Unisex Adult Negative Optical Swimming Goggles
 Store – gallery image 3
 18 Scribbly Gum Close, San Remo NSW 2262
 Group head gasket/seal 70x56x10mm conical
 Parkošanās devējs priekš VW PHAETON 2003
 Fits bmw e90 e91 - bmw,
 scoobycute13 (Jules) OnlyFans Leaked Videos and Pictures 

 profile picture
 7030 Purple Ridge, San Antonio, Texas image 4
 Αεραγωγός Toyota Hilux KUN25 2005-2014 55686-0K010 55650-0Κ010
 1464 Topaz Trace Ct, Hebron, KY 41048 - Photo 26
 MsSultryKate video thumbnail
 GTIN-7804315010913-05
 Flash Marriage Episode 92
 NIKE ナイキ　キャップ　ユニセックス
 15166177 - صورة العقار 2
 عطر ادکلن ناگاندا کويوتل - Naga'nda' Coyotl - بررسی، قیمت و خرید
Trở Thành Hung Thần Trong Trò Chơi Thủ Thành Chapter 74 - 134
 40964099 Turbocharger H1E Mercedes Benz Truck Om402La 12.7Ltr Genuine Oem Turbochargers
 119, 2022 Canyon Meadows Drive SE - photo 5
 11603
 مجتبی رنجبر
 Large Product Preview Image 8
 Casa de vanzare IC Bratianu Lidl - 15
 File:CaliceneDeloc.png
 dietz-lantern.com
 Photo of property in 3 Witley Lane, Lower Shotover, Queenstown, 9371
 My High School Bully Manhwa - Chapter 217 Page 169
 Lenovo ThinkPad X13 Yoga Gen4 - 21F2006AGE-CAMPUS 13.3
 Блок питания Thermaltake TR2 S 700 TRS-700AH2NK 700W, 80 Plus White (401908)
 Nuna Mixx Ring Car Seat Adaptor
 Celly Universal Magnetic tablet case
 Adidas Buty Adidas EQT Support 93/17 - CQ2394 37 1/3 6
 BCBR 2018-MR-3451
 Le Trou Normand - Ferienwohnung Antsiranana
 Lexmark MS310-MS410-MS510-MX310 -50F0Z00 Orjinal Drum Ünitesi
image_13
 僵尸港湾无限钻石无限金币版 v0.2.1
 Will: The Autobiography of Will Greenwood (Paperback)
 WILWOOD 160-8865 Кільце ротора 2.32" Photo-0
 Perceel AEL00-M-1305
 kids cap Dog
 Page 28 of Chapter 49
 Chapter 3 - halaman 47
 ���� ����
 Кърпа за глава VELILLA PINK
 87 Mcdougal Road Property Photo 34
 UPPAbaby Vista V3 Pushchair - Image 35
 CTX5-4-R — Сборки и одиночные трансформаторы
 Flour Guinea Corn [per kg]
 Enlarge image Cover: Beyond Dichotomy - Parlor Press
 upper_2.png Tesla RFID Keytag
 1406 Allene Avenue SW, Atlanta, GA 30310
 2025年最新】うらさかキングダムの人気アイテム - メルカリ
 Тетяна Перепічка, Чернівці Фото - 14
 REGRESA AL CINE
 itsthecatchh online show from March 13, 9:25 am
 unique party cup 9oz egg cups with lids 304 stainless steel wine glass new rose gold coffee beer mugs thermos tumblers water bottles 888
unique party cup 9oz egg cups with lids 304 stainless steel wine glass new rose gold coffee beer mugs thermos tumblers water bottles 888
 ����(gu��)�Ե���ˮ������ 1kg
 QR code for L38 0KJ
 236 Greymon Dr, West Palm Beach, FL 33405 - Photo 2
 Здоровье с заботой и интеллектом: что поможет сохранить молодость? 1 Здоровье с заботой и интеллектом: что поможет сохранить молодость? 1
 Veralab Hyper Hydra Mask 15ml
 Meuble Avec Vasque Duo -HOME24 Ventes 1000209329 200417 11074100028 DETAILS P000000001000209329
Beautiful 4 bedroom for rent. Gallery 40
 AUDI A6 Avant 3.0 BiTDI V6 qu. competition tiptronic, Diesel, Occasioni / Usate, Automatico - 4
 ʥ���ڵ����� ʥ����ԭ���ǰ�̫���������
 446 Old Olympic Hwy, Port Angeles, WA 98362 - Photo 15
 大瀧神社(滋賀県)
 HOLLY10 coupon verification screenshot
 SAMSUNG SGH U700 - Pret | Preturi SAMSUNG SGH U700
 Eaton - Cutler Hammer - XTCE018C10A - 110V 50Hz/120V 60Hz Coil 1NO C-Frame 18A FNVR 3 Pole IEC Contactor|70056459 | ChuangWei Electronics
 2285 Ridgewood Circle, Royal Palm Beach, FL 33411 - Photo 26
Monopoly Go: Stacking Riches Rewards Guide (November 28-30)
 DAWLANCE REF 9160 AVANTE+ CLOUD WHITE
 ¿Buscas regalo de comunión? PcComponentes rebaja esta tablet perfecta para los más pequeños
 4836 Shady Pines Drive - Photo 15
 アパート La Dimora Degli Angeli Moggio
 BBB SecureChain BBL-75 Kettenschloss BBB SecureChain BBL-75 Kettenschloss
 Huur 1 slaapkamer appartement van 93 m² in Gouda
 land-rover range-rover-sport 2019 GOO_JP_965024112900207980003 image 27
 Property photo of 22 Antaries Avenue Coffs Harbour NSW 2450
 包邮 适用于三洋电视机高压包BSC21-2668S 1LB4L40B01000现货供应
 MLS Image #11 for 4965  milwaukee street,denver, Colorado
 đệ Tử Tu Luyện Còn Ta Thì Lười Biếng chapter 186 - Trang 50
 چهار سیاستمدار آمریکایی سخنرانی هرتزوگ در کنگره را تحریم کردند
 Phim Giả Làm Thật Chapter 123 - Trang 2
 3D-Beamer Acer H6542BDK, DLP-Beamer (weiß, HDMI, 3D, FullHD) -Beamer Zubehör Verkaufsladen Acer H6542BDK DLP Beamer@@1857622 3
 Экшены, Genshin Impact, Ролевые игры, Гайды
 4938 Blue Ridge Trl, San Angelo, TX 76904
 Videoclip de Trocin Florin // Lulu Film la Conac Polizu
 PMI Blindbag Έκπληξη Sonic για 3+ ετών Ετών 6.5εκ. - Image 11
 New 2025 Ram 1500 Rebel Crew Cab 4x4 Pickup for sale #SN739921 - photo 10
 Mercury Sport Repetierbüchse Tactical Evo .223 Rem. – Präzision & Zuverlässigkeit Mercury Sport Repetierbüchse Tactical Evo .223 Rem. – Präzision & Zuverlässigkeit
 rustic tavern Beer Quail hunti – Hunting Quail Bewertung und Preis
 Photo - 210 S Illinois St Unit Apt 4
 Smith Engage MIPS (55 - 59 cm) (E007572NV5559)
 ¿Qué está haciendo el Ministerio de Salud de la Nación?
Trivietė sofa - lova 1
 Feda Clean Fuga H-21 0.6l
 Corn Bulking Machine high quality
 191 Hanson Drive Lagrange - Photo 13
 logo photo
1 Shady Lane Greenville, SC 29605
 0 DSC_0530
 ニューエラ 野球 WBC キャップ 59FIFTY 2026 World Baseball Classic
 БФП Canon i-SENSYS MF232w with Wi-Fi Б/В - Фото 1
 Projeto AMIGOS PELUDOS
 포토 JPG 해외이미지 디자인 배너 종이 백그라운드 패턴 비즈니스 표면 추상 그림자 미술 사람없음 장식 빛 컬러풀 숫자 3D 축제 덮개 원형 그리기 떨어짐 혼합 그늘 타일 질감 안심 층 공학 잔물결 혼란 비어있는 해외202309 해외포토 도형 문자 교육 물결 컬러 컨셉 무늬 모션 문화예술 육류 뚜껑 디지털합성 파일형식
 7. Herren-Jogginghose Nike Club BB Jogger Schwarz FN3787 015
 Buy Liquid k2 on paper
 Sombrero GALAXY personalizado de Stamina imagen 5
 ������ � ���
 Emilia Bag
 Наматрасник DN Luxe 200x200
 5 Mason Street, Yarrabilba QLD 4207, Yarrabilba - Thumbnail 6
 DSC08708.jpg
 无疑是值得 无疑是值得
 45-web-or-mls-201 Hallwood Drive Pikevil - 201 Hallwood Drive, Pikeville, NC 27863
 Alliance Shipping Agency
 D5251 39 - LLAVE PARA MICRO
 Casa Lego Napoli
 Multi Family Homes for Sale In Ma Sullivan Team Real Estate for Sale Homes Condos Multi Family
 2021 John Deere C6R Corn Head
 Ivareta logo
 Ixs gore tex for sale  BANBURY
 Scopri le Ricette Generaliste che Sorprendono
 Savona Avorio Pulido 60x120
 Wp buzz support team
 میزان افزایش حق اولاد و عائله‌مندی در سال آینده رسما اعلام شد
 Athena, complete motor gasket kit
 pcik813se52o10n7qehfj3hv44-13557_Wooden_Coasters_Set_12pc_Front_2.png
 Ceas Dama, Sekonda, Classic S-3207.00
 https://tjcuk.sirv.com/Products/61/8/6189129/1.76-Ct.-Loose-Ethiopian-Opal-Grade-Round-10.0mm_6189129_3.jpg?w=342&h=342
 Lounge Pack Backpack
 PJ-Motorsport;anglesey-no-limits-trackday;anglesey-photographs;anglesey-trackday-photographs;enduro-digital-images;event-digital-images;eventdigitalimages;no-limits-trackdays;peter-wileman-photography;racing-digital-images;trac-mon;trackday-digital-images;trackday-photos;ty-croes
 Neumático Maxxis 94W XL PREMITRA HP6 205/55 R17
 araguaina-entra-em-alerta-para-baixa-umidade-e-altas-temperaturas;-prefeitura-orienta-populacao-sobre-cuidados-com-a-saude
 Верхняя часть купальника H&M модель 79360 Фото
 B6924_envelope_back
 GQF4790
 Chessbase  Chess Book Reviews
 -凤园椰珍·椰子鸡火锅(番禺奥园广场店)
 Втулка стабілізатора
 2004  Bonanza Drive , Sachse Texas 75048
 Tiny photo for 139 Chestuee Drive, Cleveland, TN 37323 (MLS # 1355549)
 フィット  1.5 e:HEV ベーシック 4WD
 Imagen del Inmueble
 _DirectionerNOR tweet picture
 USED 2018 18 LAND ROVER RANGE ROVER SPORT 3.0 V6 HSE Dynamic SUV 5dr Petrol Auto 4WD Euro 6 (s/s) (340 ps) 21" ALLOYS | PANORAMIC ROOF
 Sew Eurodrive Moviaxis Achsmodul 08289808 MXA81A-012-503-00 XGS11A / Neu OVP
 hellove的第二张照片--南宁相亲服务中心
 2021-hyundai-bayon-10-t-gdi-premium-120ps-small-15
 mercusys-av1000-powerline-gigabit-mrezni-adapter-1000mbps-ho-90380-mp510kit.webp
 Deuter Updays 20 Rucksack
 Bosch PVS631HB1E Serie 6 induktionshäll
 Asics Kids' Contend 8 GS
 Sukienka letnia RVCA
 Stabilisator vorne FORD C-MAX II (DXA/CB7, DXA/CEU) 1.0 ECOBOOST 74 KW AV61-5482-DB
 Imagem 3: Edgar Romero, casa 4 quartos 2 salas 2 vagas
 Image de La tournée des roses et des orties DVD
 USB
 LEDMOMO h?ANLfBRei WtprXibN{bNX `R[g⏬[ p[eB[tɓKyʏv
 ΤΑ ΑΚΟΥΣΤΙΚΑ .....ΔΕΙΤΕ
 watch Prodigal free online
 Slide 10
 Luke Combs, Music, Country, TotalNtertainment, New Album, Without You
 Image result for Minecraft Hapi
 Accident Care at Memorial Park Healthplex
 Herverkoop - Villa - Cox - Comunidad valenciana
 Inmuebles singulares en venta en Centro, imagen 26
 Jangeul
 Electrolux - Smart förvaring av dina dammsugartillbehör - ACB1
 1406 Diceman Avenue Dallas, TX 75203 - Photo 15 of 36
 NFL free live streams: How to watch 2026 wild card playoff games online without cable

**Task instructions**
Start at the first line of the data above. Stop after the line containing "Fits bmw e90", reproducing each line exactly and adding nothing.

**Expected output**
Unisex Adult Negative Optical Swimming Goggles
 Store – gallery image 3
 18 Scribbly Gum Close, San Remo NSW 2262
 Group head gasket/seal 70x56x10mm conical
 Parkošanās devējs priekš VW PHAETON 2003
 Fits bmw e90 e91 - bmw,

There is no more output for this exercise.